* What the exercise asks *
Take the records below and retype them line by line, from the first line through the one containing "Double Incision Mastectomy"; stop there.

Records from a collection
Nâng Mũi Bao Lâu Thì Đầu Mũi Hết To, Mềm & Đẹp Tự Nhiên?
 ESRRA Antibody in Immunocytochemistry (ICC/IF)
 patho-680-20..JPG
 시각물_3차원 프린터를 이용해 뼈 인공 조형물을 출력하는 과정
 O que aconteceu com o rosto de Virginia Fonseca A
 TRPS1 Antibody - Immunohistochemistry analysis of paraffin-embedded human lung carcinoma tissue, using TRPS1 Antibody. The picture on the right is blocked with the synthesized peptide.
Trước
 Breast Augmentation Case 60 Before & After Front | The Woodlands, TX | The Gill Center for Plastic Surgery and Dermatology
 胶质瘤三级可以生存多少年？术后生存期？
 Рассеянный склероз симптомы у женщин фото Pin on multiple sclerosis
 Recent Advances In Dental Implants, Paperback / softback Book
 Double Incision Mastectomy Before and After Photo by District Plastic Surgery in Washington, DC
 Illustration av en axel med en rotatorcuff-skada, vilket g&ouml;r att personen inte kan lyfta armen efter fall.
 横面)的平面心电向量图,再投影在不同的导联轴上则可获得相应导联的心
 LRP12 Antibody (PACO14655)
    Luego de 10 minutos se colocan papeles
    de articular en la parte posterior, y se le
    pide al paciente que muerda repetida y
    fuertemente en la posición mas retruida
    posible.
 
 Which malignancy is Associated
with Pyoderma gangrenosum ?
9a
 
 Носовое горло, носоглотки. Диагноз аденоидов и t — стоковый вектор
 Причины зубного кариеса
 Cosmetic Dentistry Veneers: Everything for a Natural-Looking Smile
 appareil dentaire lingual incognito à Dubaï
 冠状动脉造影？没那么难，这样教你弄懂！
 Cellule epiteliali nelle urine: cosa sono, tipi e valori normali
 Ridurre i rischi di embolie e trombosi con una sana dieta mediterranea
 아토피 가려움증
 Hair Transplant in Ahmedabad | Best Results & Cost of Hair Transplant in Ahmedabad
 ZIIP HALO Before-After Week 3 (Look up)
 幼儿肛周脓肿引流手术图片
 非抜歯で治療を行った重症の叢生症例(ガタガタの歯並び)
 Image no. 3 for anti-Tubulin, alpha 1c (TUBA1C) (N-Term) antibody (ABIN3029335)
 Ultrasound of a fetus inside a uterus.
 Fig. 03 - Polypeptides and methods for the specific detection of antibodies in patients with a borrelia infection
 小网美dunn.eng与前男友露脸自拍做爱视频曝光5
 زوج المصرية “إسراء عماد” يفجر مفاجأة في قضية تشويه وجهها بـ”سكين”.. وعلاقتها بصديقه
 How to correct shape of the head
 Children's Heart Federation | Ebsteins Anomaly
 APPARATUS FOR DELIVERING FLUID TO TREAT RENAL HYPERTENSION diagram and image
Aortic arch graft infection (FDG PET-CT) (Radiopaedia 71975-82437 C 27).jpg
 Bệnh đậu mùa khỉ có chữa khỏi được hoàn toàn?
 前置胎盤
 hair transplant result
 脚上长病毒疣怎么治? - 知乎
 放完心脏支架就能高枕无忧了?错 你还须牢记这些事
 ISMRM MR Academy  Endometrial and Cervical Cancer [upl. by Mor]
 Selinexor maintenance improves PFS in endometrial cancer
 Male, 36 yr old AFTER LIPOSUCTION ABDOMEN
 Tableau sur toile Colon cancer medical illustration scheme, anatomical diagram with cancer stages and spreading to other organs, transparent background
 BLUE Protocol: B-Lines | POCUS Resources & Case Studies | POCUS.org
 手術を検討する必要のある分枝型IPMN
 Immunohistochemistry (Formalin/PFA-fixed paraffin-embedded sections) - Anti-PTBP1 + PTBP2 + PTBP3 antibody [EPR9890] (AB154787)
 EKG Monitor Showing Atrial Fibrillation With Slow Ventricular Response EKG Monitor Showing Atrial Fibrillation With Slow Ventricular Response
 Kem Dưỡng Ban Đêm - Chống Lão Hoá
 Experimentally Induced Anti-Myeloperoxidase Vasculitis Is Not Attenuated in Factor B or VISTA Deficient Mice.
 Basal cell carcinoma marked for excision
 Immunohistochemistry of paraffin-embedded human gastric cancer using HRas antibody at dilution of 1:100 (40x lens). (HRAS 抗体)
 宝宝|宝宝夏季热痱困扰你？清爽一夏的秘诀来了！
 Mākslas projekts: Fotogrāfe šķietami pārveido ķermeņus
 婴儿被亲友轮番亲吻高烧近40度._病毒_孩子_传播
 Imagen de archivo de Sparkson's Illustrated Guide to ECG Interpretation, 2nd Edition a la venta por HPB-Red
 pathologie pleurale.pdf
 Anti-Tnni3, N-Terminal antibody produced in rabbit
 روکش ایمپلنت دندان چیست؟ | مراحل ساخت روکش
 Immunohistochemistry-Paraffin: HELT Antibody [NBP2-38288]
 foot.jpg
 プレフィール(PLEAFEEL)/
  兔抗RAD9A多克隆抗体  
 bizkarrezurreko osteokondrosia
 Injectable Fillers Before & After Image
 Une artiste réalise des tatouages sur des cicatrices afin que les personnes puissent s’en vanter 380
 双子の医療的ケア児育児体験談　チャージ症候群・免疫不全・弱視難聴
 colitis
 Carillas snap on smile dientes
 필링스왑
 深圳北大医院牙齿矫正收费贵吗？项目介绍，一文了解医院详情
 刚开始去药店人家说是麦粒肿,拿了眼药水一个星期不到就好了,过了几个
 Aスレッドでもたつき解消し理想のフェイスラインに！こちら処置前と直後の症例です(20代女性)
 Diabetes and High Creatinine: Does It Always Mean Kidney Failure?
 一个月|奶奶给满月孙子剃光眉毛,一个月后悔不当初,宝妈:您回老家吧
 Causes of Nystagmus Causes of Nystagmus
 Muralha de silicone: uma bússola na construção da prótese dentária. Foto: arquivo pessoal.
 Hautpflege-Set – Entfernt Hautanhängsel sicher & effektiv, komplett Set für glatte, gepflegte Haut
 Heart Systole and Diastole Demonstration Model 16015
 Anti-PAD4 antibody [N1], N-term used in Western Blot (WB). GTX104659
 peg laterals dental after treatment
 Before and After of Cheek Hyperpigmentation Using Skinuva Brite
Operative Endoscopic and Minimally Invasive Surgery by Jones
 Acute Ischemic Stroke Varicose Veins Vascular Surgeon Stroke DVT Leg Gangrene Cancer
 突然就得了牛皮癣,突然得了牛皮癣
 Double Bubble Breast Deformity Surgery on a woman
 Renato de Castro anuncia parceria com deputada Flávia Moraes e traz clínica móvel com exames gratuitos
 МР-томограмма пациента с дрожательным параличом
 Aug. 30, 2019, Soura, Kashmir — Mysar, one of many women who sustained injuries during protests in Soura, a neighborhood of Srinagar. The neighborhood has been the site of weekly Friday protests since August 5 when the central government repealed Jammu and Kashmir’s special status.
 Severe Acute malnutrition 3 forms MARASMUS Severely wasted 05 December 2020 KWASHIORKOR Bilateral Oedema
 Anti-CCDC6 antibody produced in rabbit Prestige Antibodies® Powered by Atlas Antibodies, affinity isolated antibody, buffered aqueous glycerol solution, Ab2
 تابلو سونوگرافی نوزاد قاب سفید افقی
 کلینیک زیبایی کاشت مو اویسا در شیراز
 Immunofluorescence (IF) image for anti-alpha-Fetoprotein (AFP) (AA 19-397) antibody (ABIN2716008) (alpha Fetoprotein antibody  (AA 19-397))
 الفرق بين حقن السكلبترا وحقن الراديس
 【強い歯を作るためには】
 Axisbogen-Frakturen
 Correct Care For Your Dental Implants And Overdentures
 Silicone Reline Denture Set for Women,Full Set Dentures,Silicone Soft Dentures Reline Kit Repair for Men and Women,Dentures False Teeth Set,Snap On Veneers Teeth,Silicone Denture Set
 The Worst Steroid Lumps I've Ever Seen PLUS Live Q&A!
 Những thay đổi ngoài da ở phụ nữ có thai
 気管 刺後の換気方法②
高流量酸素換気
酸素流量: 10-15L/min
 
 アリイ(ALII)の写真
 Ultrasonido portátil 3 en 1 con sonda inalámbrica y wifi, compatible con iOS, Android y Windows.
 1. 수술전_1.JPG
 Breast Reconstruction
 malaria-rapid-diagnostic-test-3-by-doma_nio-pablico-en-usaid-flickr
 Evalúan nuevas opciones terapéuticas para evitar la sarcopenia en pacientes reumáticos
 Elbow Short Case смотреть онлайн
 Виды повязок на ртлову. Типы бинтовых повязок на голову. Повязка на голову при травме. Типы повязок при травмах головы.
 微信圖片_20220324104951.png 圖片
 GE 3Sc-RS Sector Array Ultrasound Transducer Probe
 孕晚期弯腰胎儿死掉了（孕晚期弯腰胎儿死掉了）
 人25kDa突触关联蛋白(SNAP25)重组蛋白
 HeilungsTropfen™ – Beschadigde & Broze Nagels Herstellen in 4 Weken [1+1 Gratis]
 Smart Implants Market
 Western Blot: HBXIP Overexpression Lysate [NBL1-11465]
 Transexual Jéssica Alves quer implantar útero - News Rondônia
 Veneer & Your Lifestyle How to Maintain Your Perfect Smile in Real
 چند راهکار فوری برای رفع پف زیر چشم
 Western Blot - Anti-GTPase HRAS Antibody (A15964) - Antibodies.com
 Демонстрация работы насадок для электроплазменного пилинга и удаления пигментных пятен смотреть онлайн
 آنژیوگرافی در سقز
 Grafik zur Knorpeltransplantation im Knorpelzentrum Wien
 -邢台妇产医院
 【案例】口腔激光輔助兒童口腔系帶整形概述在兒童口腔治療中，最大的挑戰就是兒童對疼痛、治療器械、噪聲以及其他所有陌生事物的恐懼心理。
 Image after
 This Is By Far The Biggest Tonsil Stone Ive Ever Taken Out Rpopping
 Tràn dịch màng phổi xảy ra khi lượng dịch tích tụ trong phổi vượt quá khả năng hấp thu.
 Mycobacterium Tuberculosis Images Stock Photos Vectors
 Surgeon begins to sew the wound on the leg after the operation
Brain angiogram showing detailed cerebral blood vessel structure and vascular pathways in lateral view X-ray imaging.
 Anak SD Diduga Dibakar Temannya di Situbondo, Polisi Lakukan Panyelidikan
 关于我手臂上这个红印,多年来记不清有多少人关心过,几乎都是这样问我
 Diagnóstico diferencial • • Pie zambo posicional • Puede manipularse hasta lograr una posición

* Written answer *
Nâng Mũi Bao Lâu Thì Đầu Mũi Hết To, Mềm & Đẹp Tự Nhiên?
 ESRRA Antibody in Immunocytochemistry (ICC/IF)
 patho-680-20..JPG
 시각물_3차원 프린터를 이용해 뼈 인공 조형물을 출력하는 과정
 O que aconteceu com o rosto de Virginia Fonseca A
 TRPS1 Antibody - Immunohistochemistry analysis of paraffin-embedded human lung carcinoma tissue, using TRPS1 Antibody. The picture on the right is blocked with the synthesized peptide.
Trước
 Breast Augmentation Case 60 Before & After Front | The Woodlands, TX | The Gill Center for Plastic Surgery and Dermatology
 胶质瘤三级可以生存多少年？术后生存期？
 Рассеянный склероз симптомы у женщин фото Pin on multiple sclerosis
 Recent Advances In Dental Implants, Paperback / softback Book
 Double Incision Mastectomy Before and After Photo by District Plastic Surgery in Washington, DC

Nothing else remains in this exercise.